**Task description:** In the records below, find the line containing "Black And White" and print it and every line after it exactly, through the end. Skip pictures.

**Information provided:**
---

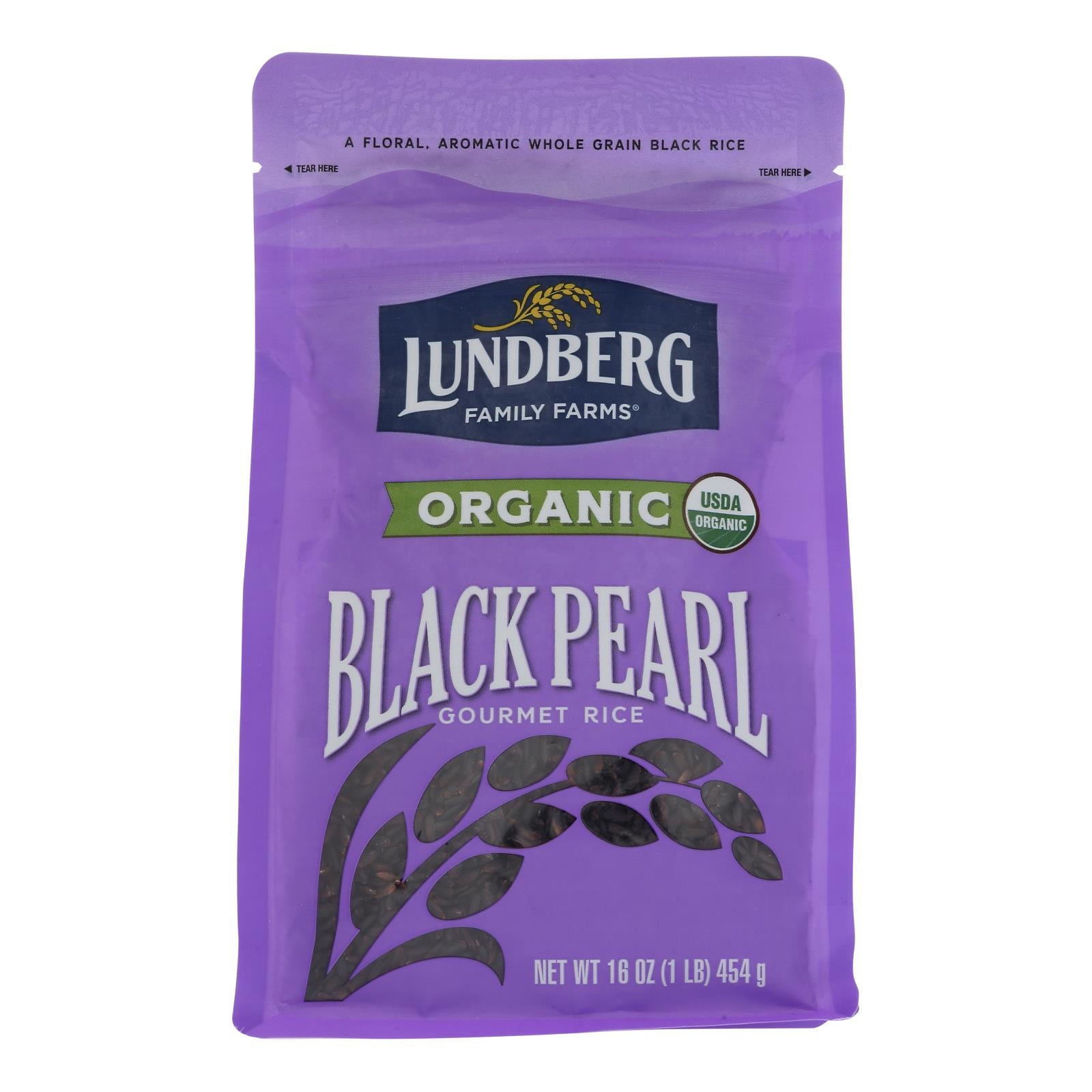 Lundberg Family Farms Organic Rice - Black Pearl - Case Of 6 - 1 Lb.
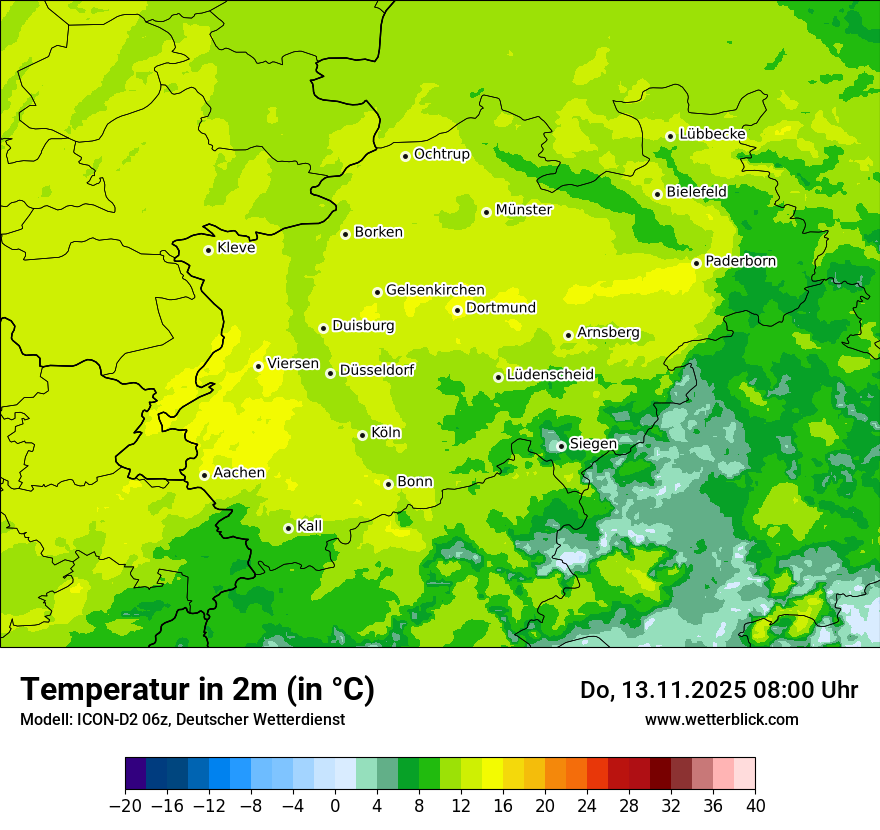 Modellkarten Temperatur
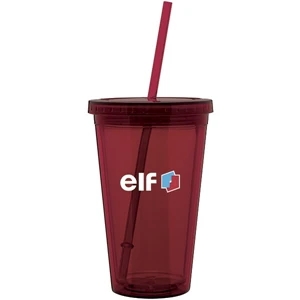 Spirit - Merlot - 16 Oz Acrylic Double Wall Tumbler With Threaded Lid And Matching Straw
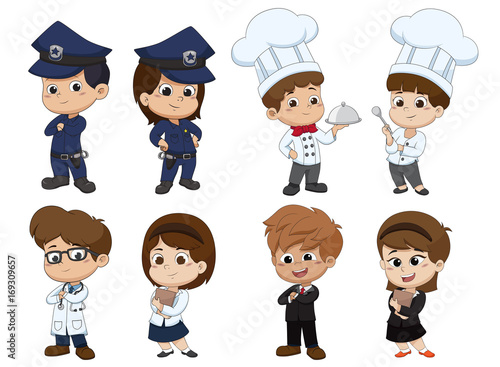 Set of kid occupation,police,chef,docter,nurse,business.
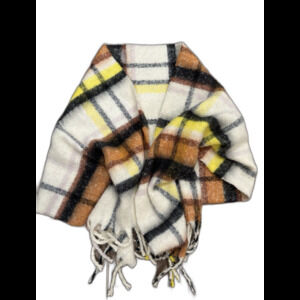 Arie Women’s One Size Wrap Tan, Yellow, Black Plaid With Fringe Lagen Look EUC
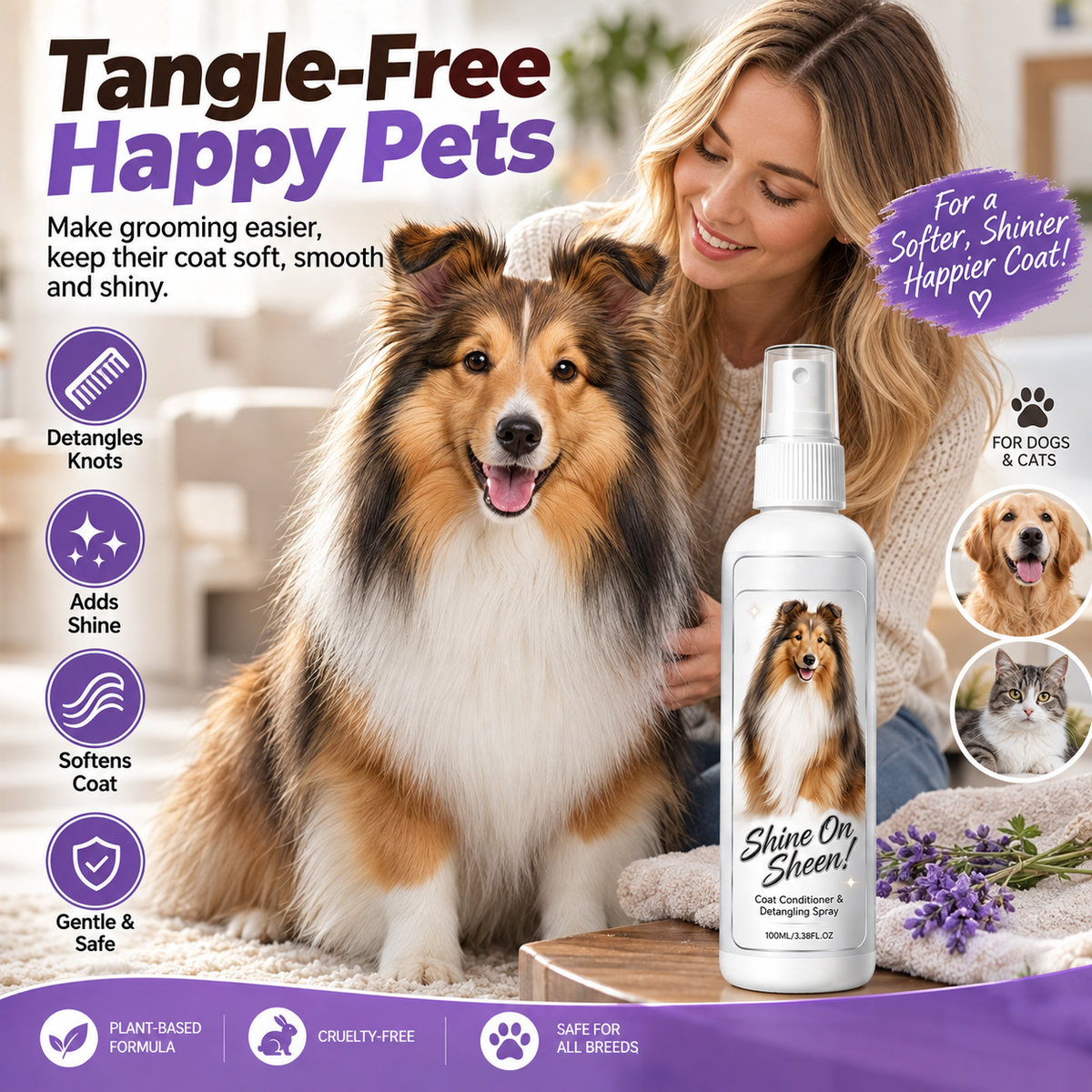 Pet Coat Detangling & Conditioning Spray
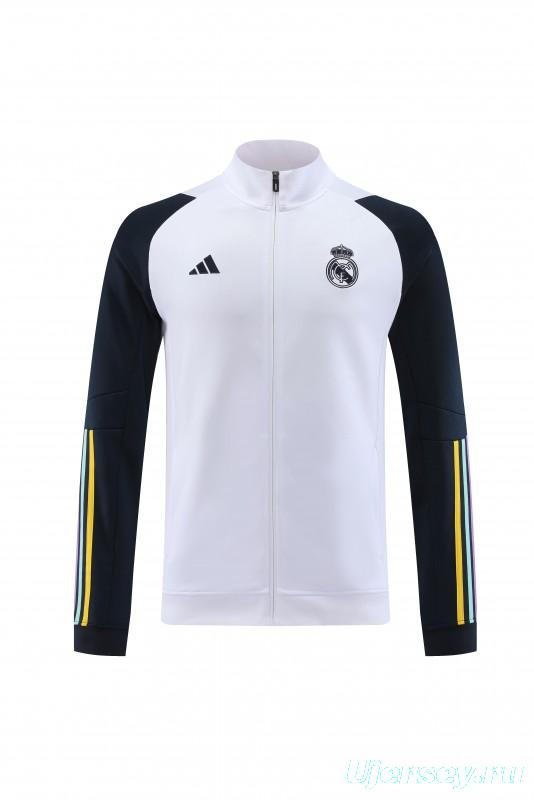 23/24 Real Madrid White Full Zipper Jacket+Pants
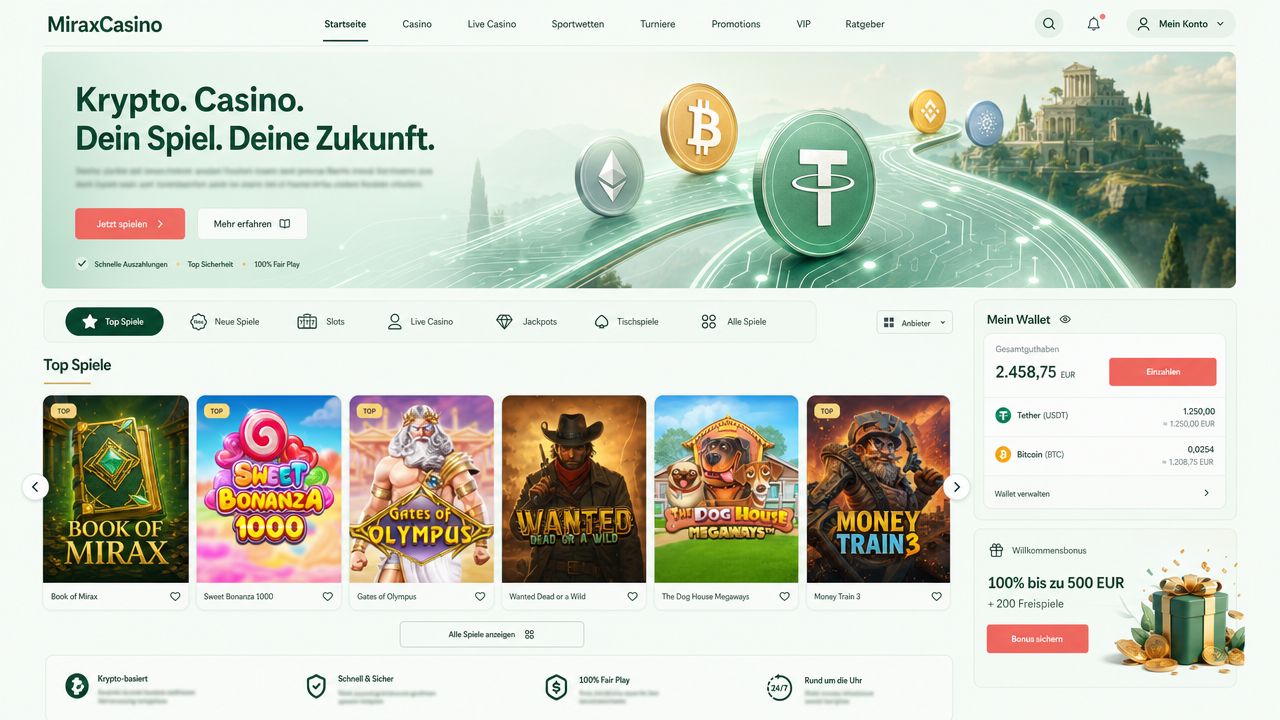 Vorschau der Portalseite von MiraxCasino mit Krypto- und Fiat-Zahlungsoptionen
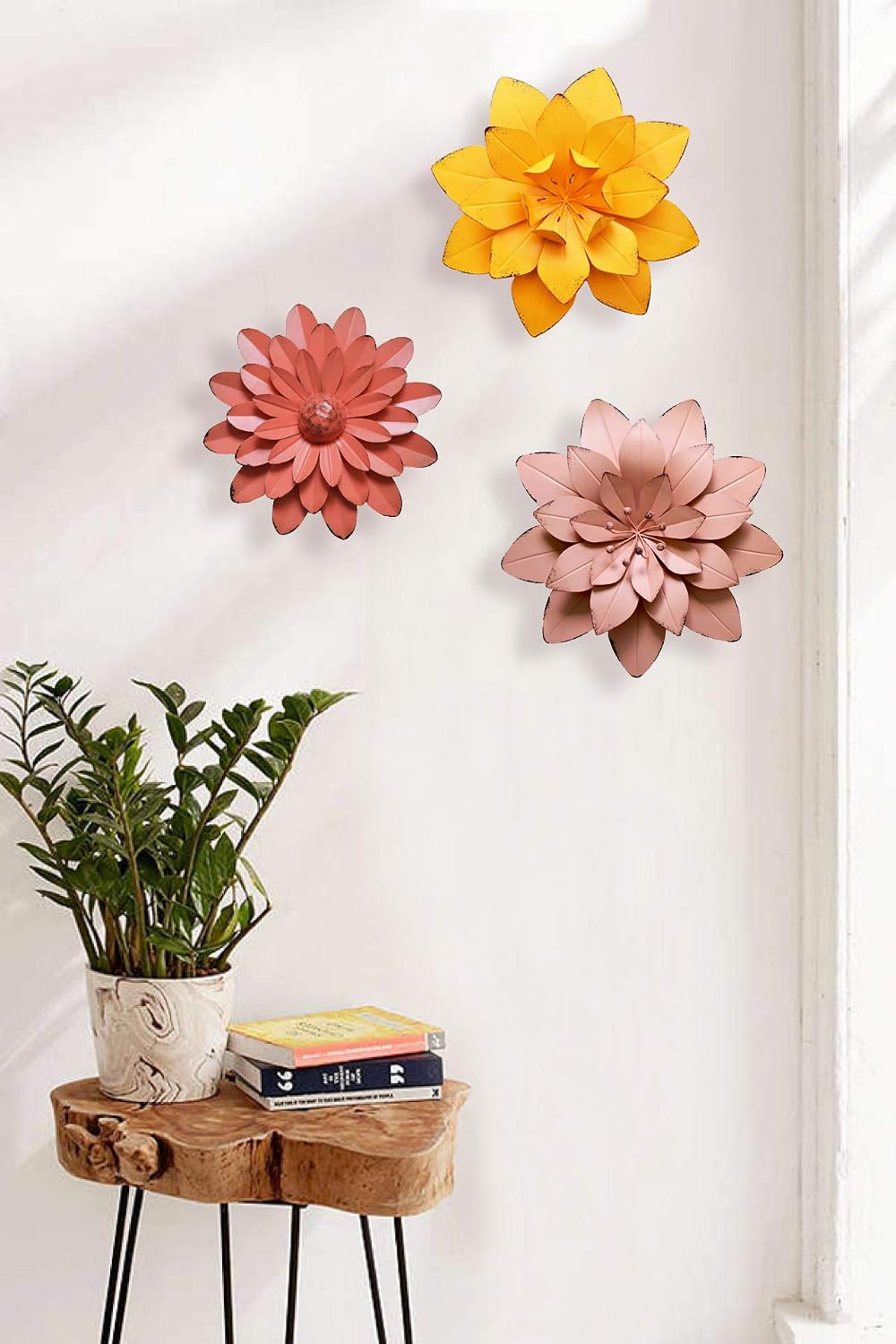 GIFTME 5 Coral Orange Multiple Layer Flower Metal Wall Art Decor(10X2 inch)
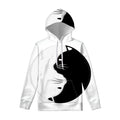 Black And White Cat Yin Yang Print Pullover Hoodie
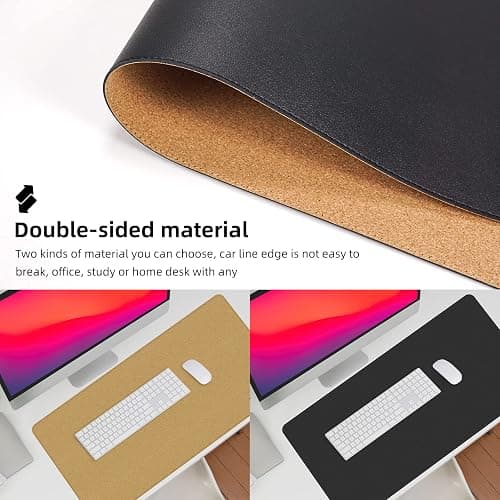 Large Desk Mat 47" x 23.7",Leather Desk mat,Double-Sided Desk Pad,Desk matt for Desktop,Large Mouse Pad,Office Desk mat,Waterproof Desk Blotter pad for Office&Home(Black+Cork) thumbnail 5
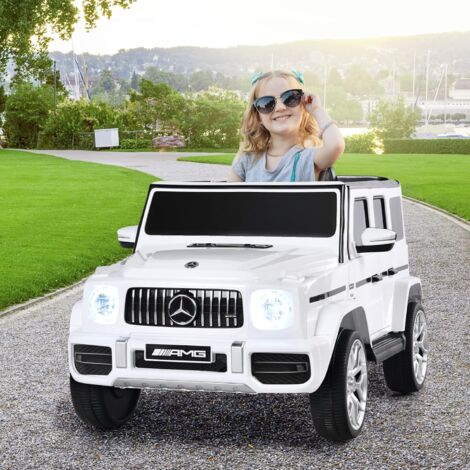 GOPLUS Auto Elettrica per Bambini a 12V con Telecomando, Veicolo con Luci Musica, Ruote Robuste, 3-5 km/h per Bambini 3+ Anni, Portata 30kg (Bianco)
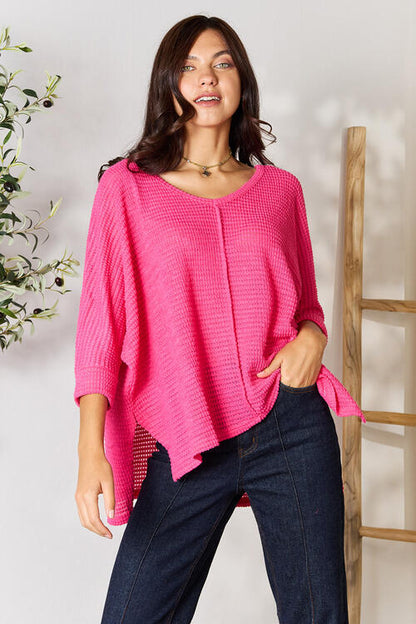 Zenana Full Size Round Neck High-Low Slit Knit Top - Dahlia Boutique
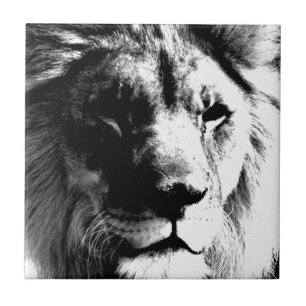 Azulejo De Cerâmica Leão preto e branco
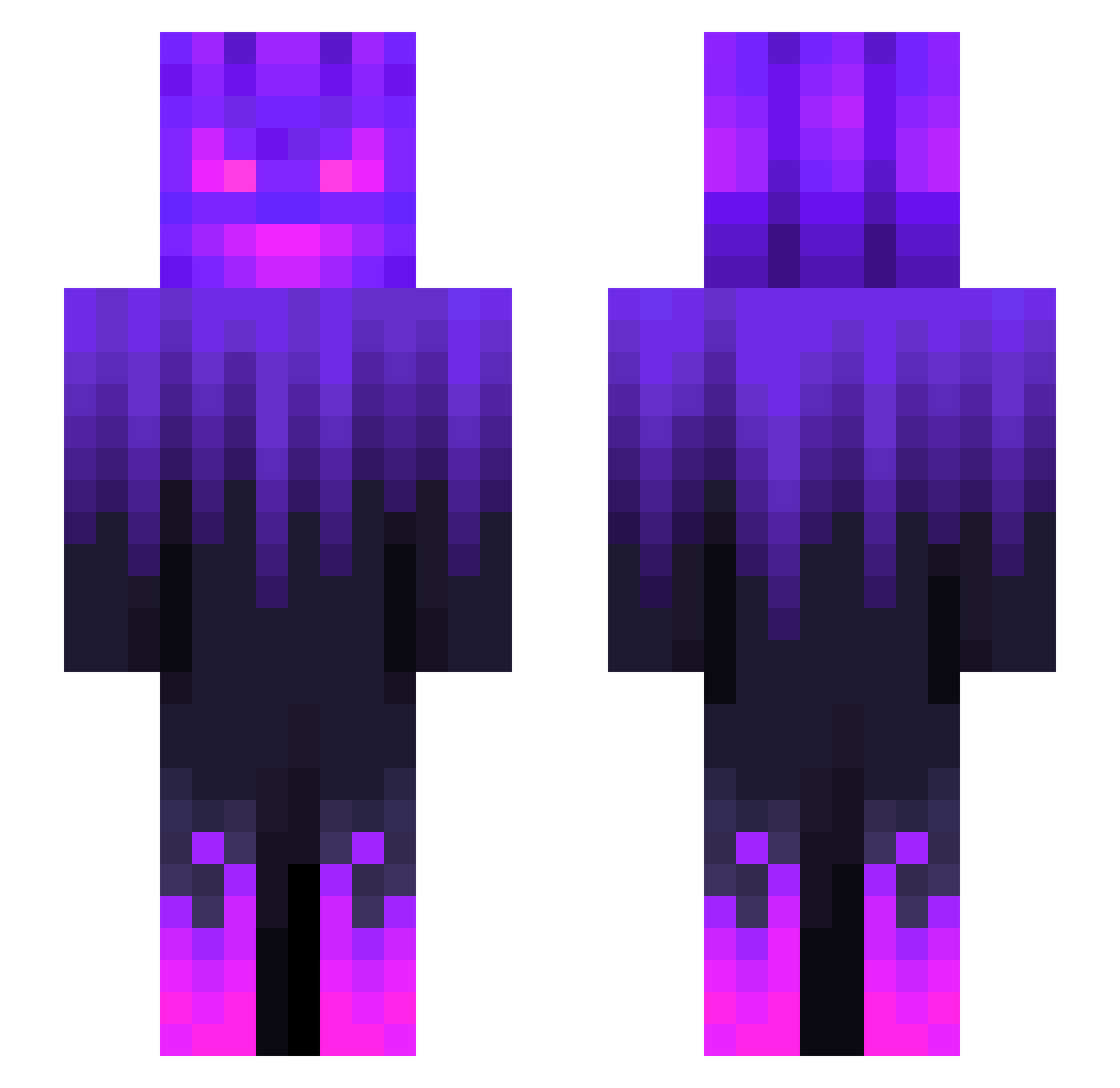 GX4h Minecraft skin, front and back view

---

**Answer to this task:**
 Black And White Cat Yin Yang Print Pullover Hoodie
 Large Desk Mat 47" x 23.7",Leather Desk mat,Double-Sided Desk Pad,Desk matt for Desktop,Large Mouse Pad,Office Desk mat,Waterproof Desk Blotter pad for Office&Home(Black+Cork) thumbnail 5
 GOPLUS Auto Elettrica per Bambini a 12V con Telecomando, Veicolo con Luci Musica, Ruote Robuste, 3-5 km/h per Bambini 3+ Anni, Portata 30kg (Bianco)
 Zenana Full Size Round Neck High-Low Slit Knit Top - Dahlia Boutique
 Azulejo De Cerâmica Leão preto e branco
 GX4h Minecraft skin, front and back view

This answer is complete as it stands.